Work instructions → In the entries below, every line that contains "from" must be located and copied.
==============================
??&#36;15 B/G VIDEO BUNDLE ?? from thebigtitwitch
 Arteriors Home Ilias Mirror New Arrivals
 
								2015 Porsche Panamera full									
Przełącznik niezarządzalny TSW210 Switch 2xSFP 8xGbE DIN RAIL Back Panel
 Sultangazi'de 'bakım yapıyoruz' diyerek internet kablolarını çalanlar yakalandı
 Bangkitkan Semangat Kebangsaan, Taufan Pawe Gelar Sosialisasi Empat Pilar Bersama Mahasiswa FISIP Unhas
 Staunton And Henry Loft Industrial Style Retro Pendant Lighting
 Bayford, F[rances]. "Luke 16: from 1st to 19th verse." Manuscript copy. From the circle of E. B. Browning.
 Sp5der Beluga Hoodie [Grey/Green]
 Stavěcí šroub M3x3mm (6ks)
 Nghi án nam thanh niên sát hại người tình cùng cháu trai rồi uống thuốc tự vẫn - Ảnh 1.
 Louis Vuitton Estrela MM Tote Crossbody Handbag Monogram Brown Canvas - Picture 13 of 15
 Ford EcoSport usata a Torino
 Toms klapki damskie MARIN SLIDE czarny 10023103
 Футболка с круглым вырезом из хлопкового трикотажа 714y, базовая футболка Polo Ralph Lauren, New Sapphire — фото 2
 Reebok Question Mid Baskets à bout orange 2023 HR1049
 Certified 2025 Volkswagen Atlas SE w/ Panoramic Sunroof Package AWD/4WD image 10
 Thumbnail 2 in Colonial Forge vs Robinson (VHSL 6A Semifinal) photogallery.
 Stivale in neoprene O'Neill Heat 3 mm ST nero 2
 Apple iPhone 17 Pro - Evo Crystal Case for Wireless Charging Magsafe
==============================
Task response →
??&#36;15 B/G VIDEO BUNDLE ?? from thebigtitwitch
 Bayford, F[rances]. "Luke 16: from 1st to 19th verse." Manuscript copy. From the circle of E. B. Browning.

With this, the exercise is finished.